• **ASSIGNMENT**
Keep only the lines of the data below that contain "Mesh", and copy them.

(Short descriptive text snippets)

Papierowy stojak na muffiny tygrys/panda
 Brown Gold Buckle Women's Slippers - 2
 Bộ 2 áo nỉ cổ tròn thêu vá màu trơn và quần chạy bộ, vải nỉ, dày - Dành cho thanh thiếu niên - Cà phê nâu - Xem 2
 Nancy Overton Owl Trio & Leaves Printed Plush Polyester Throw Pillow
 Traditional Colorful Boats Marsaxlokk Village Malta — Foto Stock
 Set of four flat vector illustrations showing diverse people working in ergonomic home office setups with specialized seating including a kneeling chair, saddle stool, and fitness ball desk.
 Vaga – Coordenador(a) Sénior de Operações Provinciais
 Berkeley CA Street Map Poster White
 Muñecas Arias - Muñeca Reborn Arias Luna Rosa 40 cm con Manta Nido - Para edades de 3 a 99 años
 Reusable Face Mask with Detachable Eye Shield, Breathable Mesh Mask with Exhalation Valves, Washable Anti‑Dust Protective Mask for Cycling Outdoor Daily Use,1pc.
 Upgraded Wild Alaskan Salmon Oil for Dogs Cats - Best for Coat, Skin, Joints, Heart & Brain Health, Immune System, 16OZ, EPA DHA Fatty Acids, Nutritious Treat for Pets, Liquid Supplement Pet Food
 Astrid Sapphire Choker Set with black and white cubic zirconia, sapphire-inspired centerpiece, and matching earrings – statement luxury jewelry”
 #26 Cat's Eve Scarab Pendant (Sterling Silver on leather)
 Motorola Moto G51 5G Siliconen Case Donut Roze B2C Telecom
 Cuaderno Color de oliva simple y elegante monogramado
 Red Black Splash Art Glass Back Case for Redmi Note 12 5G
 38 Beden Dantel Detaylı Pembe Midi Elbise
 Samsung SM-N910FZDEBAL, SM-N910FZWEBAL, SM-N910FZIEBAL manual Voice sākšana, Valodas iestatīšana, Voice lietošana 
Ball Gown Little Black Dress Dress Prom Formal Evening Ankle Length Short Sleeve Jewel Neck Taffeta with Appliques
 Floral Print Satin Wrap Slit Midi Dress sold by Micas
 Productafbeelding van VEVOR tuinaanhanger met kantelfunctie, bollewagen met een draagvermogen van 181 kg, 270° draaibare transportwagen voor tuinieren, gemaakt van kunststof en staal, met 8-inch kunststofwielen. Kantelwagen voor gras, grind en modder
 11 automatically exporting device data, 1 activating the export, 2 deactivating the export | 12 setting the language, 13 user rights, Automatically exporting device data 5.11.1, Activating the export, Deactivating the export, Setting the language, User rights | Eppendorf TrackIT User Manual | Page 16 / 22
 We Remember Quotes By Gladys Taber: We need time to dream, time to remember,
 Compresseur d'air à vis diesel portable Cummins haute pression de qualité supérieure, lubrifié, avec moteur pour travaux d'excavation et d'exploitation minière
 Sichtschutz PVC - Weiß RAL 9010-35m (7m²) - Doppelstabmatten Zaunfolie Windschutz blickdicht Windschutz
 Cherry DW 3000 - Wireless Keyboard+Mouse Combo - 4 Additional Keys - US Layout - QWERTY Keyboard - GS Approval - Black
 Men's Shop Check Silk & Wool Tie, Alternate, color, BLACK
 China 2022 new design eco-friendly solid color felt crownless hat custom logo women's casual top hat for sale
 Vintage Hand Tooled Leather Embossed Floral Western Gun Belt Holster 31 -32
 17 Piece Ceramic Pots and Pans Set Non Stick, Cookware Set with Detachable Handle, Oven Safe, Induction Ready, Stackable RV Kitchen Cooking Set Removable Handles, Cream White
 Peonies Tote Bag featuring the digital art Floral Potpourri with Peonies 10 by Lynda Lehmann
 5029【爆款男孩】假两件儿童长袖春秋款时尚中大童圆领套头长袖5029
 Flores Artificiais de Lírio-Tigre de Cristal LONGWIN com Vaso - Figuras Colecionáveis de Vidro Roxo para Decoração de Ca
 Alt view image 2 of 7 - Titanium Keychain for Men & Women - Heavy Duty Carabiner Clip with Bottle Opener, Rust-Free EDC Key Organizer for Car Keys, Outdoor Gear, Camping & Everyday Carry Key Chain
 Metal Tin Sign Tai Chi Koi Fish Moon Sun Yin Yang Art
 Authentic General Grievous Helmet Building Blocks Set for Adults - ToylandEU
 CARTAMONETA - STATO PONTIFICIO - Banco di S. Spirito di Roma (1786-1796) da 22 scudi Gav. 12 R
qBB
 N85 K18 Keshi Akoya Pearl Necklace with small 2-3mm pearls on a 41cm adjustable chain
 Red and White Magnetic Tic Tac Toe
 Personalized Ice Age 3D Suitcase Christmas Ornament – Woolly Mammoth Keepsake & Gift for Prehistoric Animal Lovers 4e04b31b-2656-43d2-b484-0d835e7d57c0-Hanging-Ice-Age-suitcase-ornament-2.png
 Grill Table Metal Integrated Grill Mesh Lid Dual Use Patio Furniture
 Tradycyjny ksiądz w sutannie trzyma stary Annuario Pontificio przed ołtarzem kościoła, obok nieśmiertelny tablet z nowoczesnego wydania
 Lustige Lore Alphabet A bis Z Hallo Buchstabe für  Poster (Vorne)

• **EXPECTED OUTPUT**
 Reusable Face Mask with Detachable Eye Shield, Breathable Mesh Mask with Exhalation Valves, Washable Anti‑Dust Protective Mask for Cycling Outdoor Daily Use,1pc.
 Grill Table Metal Integrated Grill Mesh Lid Dual Use Patio Furniture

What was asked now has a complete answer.